AGRADECIMIENTOS
Tengo una enorme deuda con mis hermanos, mis primos, y no menor con mis viejos amigos, que han compartido conmigo recuerdos, cartas, fotografías y objetos de todo tipo; no podría haber reconstruido unos sucesos tan remotos sin ellos. He escrito acerca de ellos, y de otras personas, con cierto temor: «Siempre es peligroso», observó Primo Levi, «transformar a una persona en personaje.»
Kate Edgar, mi ayudante y editora de muchos de mis libros anteriores, ha sido virtual colaboradora en éste, no sólo corrigiendo los innumerables borradores, sino acompañándome a ver químicos, bajando a las minas, soportando olores y explosiones, descargas eléctricas y alguna emanación radiactiva, y enfrentándose a un despacho cada vez más lleno de tablas periódicas, espectroscopios, cristales dentro de soluciones sobresaturadas, rollos de alambre, pilas, sustancias químicas y minerales. Este libro seguiría siendo una excavación de dos millones de palabras de no ser por su capacidad de destilación.
Sheryl Carter, que también ha trabajado conmigo, me ha mostrado los portentos de Internet (nada sé de ordenadores, y escribo con lápiz o con una vieja máquina de escribir), y ha encontrado libros, artículos, instrumentos científicos y juguetes de todo tipo que yo jamás hubiera encontrado.
En 1993 escribí una reseña-ensayo en la New York Review of Books del libro de David Knight sobre Humphry Davy, que reavivó mi interés por la química, aletargado durante tanto tiempo. Le agradezco a Bob Silvers que me animara a hacerlo.

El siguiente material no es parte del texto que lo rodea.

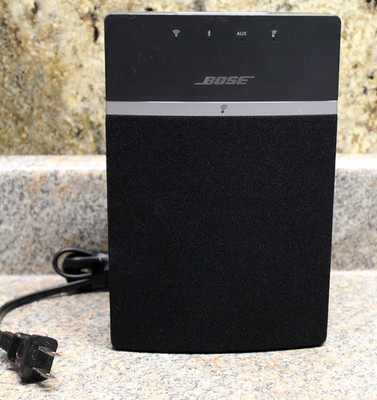 Bose Sound Touch 10 Wireless Music System Speaker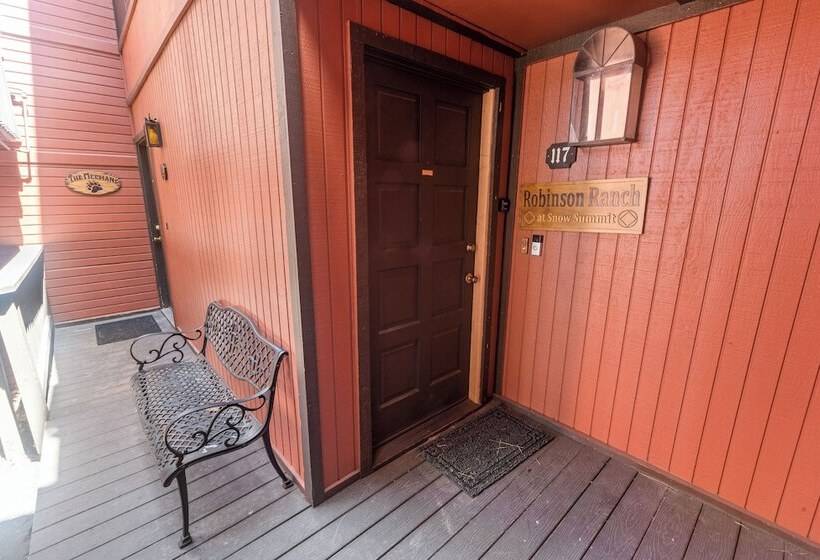Ski In Ski Out Summit Townhouse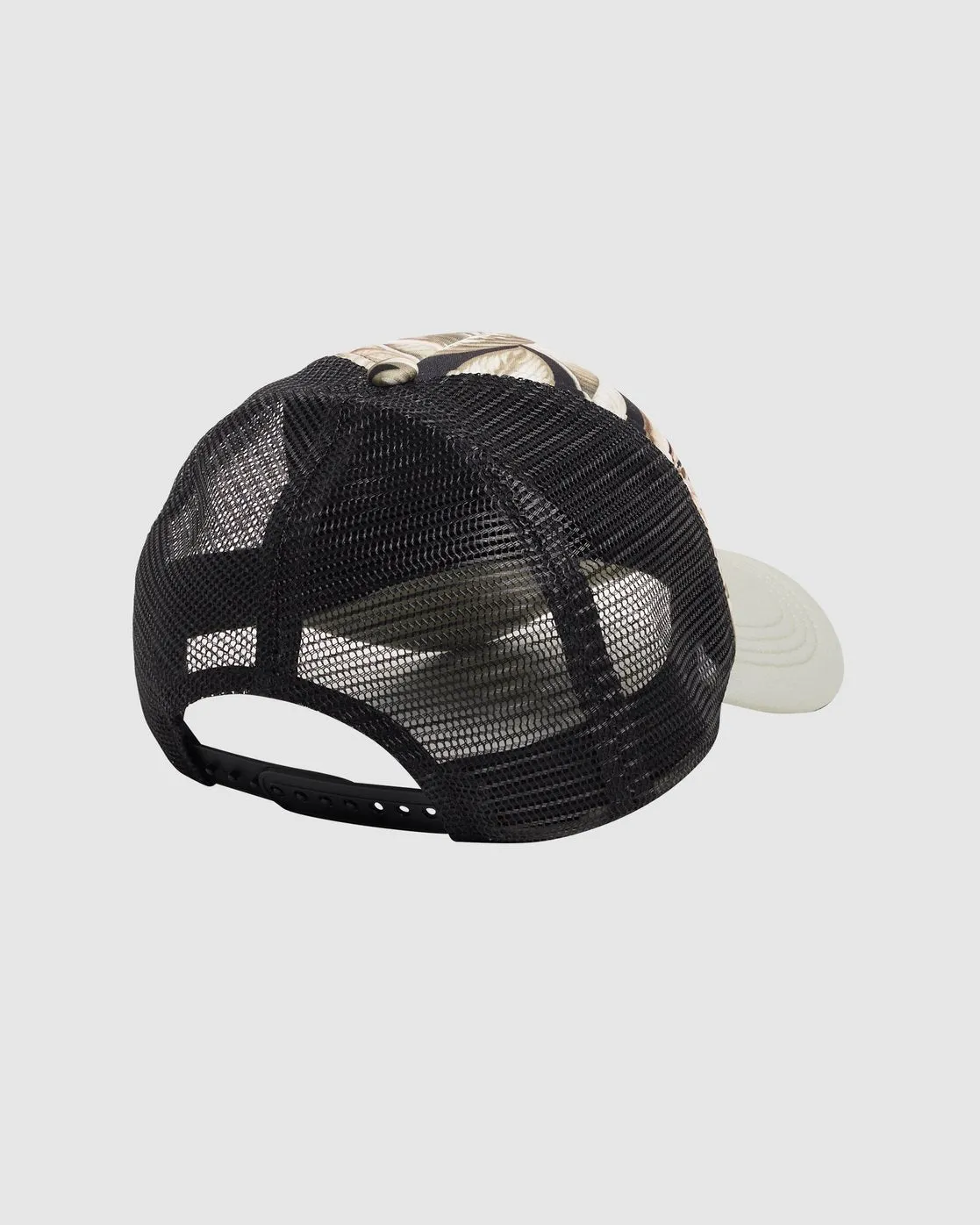 Hideaway Trucker Cap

Mi artículo «Luz brillante», un primer fragmento de este libro, apareció en The New Yorker, fue magníficamente editado (y titulado) por mi editor en la revista, John Bennet; y Dan Frank, de Knopf, ha sido fundamental a la hora de ayudarme a conducir el libro a su forma actual.
Poco después de comenzar este libro tuve la enorme satisfacción de conocer a un héroe de mi infancia, Glenn Seaborg, y posteriormente me he visto o he mantenido correspondencia con químicos de todo el mundo. Estos químicos, demasiados para nombrarlos, se han mostrado extraordinariamente hospitalarios con alguien que no pertenece a su campo, un antiguo entusiasta de la infancia, y me han enseñado prodigios que ni la ciencia ficción más descabellada de mi infancia podía concebir, como el «ver» átomos de verdad (a través de la punta de tungsteno de un microscopio de fuerza atómica), concediéndome algunos deseos nostálgicos, como ver de nuevo, entre otras cosas, el azul intenso del sodio disuelto en amoníaco líquido; y diminutos imanes que flotaban sobre superconductores enfriados en nitrógeno líquido, esa levitación mágica y que desafiaba la gravedad con la que había soñado de niño.
Pero, por encima de todo, ha sido Roald Hoffmann quien me ha estimulado y apoyado de manera inconmensurable, y quien más empeño ha puesto en hacerme ver lo maravillosa que es ahora la química, y es a Roald, por tanto, a quien dedico este libro.